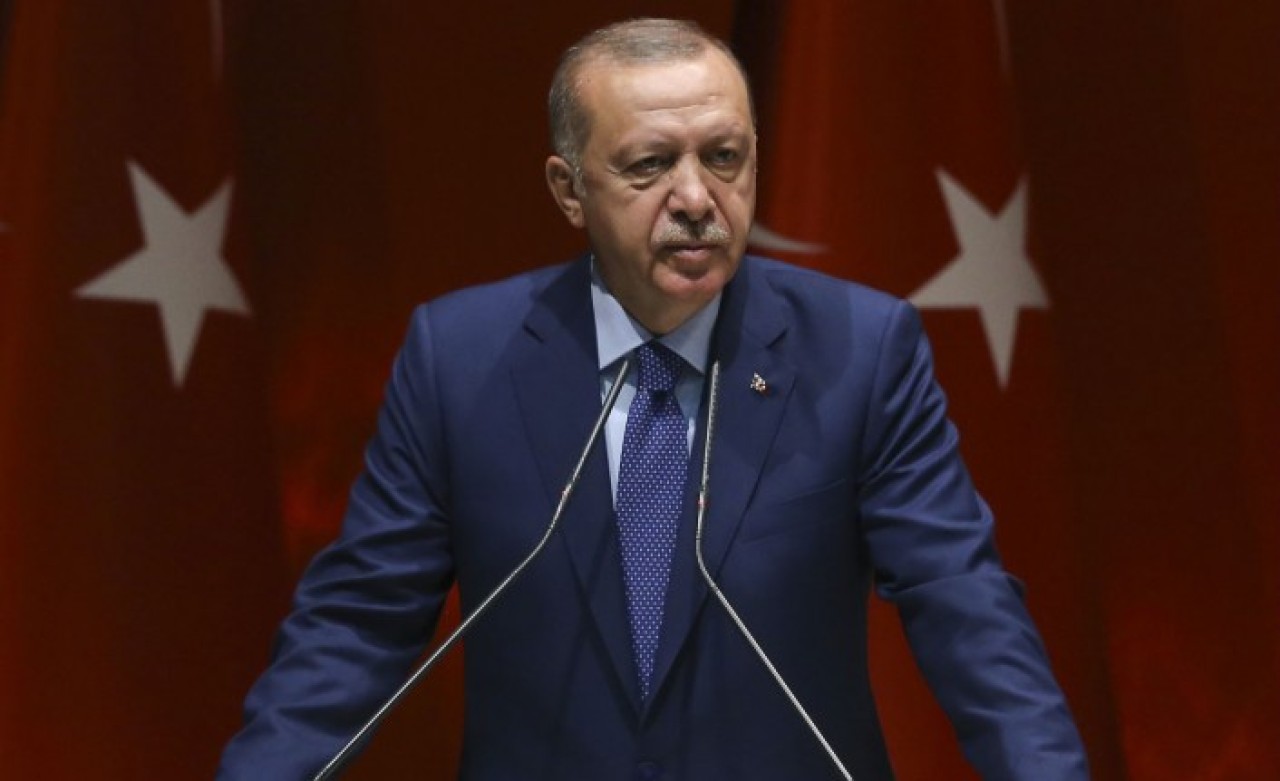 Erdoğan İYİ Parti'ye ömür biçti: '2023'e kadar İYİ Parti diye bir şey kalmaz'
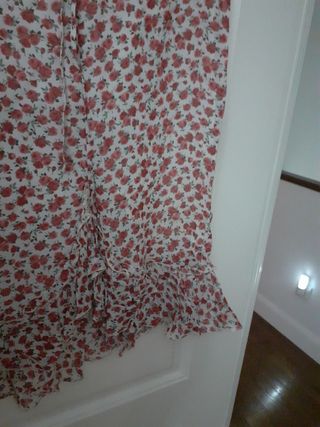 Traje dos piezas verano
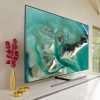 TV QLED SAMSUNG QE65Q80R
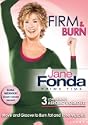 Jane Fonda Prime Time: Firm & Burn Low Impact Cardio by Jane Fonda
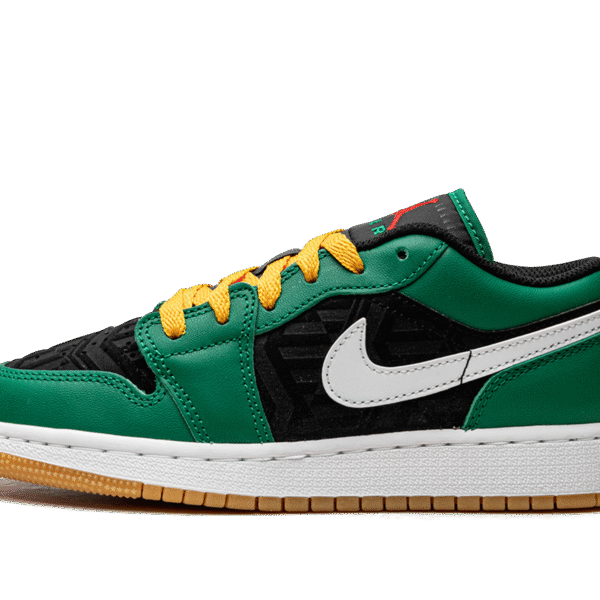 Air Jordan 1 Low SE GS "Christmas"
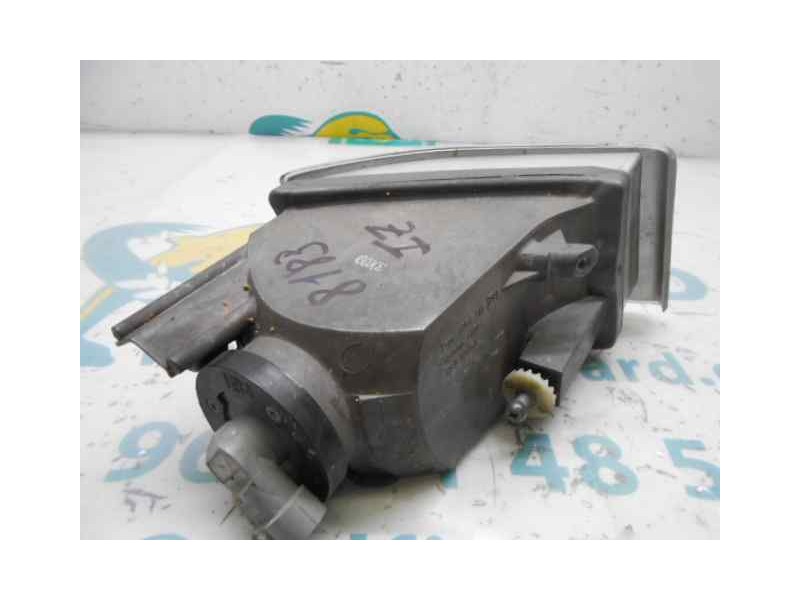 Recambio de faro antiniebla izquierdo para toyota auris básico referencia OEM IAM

========================================

What needs to be done = Print the records exactly, every one. Leave out the pictures.

Answer area =
 Erdoğan İYİ Parti'ye ömür biçti: '2023'e kadar İYİ Parti diye bir şey kalmaz'
 Traje dos piezas verano
 TV QLED SAMSUNG QE65Q80R
 Jane Fonda Prime Time: Firm & Burn Low Impact Cardio by Jane Fonda
 Air Jordan 1 Low SE GS "Christmas"
 Recambio de faro antiniebla izquierdo para toyota auris básico referencia OEM IAM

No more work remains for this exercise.